__SUPPLIED DATA__:
---*---
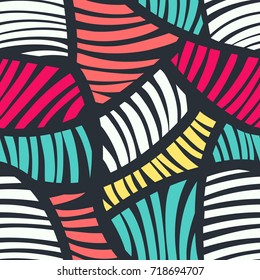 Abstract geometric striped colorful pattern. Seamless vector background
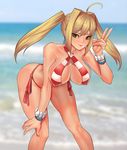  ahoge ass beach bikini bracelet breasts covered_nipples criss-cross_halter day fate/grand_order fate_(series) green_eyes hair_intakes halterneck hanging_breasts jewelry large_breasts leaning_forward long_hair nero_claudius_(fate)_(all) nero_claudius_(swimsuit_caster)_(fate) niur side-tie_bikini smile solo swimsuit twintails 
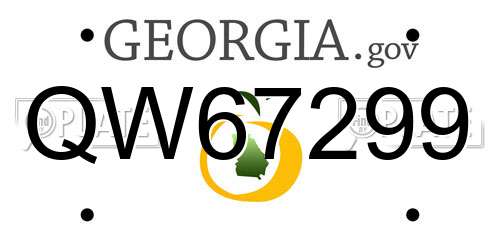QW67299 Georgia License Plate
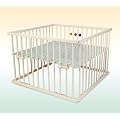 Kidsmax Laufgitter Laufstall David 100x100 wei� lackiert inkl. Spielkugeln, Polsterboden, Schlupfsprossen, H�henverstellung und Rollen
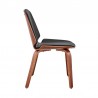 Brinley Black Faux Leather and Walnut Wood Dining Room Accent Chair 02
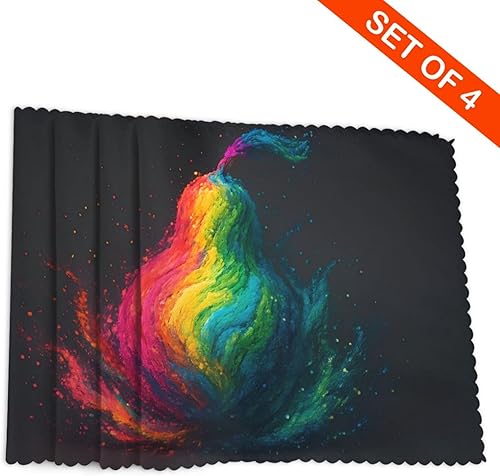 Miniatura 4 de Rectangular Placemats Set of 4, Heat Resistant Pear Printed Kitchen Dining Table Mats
---*---
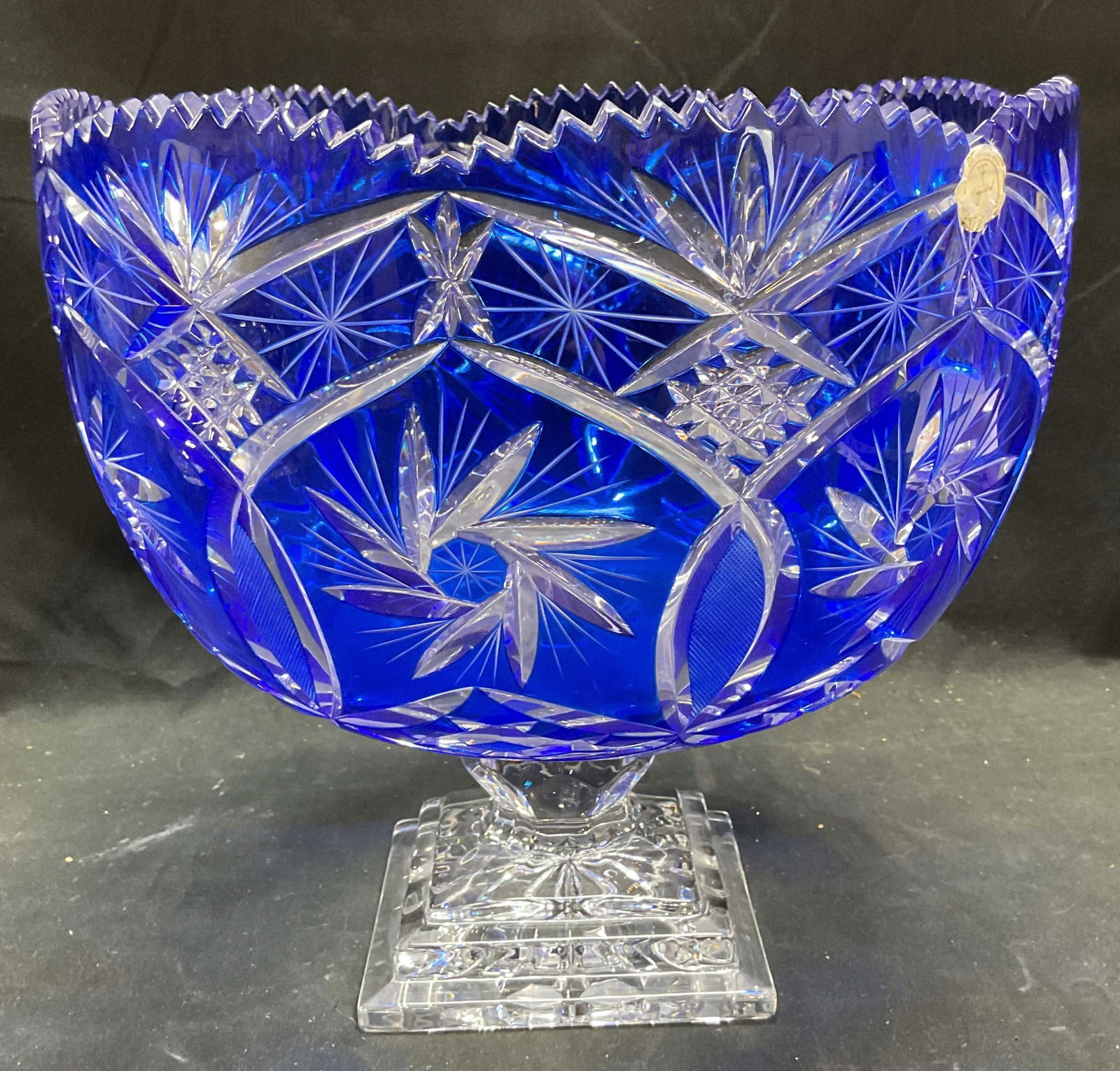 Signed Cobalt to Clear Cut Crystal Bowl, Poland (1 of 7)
---*---
__WHAT TO DO__:
Beginning with the line that contains "ahoge ass beach" and ending with the line that contains "Brinley Black Faux", reproduce the listing exactly, pictures excluded.

__RESULT OF THIS EXERCISE__:
  ahoge ass beach bikini bracelet breasts covered_nipples criss-cross_halter day fate/grand_order fate_(series) green_eyes hair_intakes halterneck hanging_breasts jewelry large_breasts leaning_forward long_hair nero_claudius_(fate)_(all) nero_claudius_(swimsuit_caster)_(fate) niur side-tie_bikini smile solo swimsuit twintails 
QW67299 Georgia License Plate
 Kidsmax Laufgitter Laufstall David 100x100 wei� lackiert inkl. Spielkugeln, Polsterboden, Schlupfsprossen, H�henverstellung und Rollen
 Brinley Black Faux Leather and Walnut Wood Dining Room Accent Chair 02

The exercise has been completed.